Items from a dataset:

────────────────

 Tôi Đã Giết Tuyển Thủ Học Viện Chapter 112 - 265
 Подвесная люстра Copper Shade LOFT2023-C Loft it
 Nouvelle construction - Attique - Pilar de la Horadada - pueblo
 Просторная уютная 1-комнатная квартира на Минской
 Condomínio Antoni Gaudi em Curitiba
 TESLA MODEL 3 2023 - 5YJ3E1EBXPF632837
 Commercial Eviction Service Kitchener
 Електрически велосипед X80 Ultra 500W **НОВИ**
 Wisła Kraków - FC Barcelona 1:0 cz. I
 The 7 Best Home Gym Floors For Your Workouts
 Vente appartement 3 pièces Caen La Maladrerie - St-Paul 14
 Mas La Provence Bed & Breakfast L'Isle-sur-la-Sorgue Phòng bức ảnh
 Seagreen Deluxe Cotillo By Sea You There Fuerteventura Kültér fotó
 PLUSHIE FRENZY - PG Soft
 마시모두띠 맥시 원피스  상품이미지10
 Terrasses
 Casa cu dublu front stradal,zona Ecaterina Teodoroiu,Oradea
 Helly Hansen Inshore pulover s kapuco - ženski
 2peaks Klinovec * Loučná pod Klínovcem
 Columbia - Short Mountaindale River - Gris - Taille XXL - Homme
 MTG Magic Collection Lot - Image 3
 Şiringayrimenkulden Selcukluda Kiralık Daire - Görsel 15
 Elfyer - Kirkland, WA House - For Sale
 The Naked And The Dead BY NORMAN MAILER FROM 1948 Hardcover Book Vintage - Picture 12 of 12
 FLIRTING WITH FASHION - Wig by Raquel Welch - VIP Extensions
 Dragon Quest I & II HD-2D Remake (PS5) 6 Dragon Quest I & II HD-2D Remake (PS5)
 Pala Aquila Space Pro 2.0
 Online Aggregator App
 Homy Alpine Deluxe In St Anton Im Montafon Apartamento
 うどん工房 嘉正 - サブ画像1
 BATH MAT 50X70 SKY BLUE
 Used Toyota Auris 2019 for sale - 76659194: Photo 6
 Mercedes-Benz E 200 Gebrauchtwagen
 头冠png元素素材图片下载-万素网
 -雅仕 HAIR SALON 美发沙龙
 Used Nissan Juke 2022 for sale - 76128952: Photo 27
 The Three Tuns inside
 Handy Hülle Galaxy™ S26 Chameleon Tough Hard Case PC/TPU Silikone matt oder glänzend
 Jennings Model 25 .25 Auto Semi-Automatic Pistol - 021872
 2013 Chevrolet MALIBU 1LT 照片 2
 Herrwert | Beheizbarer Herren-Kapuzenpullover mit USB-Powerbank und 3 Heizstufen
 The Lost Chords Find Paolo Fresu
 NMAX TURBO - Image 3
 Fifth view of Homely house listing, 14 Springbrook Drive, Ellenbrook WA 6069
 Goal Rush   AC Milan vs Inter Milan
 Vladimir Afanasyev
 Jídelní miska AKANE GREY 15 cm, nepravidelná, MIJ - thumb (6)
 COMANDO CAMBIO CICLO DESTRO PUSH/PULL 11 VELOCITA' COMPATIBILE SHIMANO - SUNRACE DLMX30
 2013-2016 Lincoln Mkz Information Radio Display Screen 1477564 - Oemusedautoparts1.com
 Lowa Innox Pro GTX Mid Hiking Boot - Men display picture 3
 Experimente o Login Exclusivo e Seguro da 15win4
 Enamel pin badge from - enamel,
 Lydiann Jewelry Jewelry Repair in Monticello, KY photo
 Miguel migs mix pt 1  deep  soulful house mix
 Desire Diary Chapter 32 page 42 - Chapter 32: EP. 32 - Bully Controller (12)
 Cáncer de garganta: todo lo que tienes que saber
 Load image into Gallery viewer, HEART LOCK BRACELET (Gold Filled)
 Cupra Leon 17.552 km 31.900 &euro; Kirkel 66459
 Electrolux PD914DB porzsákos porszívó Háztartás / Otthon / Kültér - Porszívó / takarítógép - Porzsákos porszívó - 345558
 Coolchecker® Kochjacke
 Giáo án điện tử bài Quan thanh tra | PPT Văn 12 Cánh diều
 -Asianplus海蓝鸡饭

────────────────

Return each line of the data exactly as written above.

- Response area -
 Tôi Đã Giết Tuyển Thủ Học Viện Chapter 112 - 265
 Подвесная люстра Copper Shade LOFT2023-C Loft it
 Nouvelle construction - Attique - Pilar de la Horadada - pueblo
 Просторная уютная 1-комнатная квартира на Минской
 Condomínio Antoni Gaudi em Curitiba
 TESLA MODEL 3 2023 - 5YJ3E1EBXPF632837
 Commercial Eviction Service Kitchener
 Електрически велосипед X80 Ultra 500W **НОВИ**
 Wisła Kraków - FC Barcelona 1:0 cz. I
 The 7 Best Home Gym Floors For Your Workouts
 Vente appartement 3 pièces Caen La Maladrerie - St-Paul 14
 Mas La Provence Bed & Breakfast L'Isle-sur-la-Sorgue Phòng bức ảnh
 Seagreen Deluxe Cotillo By Sea You There Fuerteventura Kültér fotó
 PLUSHIE FRENZY - PG Soft
 마시모두띠 맥시 원피스  상품이미지10
 Terrasses
 Casa cu dublu front stradal,zona Ecaterina Teodoroiu,Oradea
 Helly Hansen Inshore pulover s kapuco - ženski
 2peaks Klinovec * Loučná pod Klínovcem
 Columbia - Short Mountaindale River - Gris - Taille XXL - Homme
 MTG Magic Collection Lot - Image 3
 Şiringayrimenkulden Selcukluda Kiralık Daire - Görsel 15
 Elfyer - Kirkland, WA House - For Sale
 The Naked And The Dead BY NORMAN MAILER FROM 1948 Hardcover Book Vintage - Picture 12 of 12
 FLIRTING WITH FASHION - Wig by Raquel Welch - VIP Extensions
 Dragon Quest I & II HD-2D Remake (PS5) 6 Dragon Quest I & II HD-2D Remake (PS5)
 Pala Aquila Space Pro 2.0
 Online Aggregator App
 Homy Alpine Deluxe In St Anton Im Montafon Apartamento
 うどん工房 嘉正 - サブ画像1
 BATH MAT 50X70 SKY BLUE
 Used Toyota Auris 2019 for sale - 76659194: Photo 6
 Mercedes-Benz E 200 Gebrauchtwagen
 头冠png元素素材图片下载-万素网
 -雅仕 HAIR SALON 美发沙龙
 Used Nissan Juke 2022 for sale - 76128952: Photo 27
 The Three Tuns inside
 Handy Hülle Galaxy™ S26 Chameleon Tough Hard Case PC/TPU Silikone matt oder glänzend
 Jennings Model 25 .25 Auto Semi-Automatic Pistol - 021872
 2013 Chevrolet MALIBU 1LT 照片 2
 Herrwert | Beheizbarer Herren-Kapuzenpullover mit USB-Powerbank und 3 Heizstufen
 The Lost Chords Find Paolo Fresu
 NMAX TURBO - Image 3
 Fifth view of Homely house listing, 14 Springbrook Drive, Ellenbrook WA 6069
 Goal Rush   AC Milan vs Inter Milan
 Vladimir Afanasyev
 Jídelní miska AKANE GREY 15 cm, nepravidelná, MIJ - thumb (6)
 COMANDO CAMBIO CICLO DESTRO PUSH/PULL 11 VELOCITA' COMPATIBILE SHIMANO - SUNRACE DLMX30
 2013-2016 Lincoln Mkz Information Radio Display Screen 1477564 - Oemusedautoparts1.com
 Lowa Innox Pro GTX Mid Hiking Boot - Men display picture 3
 Experimente o Login Exclusivo e Seguro da 15win4
 Enamel pin badge from - enamel,
 Lydiann Jewelry Jewelry Repair in Monticello, KY photo
 Miguel migs mix pt 1  deep  soulful house mix
 Desire Diary Chapter 32 page 42 - Chapter 32: EP. 32 - Bully Controller (12)
 Cáncer de garganta: todo lo que tienes que saber
 Load image into Gallery viewer, HEART LOCK BRACELET (Gold Filled)
 Cupra Leon 17.552 km 31.900 &euro; Kirkel 66459
 Electrolux PD914DB porzsákos porszívó Háztartás / Otthon / Kültér - Porszívó / takarítógép - Porzsákos porszívó - 345558
 Coolchecker® Kochjacke
 Giáo án điện tử bài Quan thanh tra | PPT Văn 12 Cánh diều
 -Asianplus海蓝鸡饭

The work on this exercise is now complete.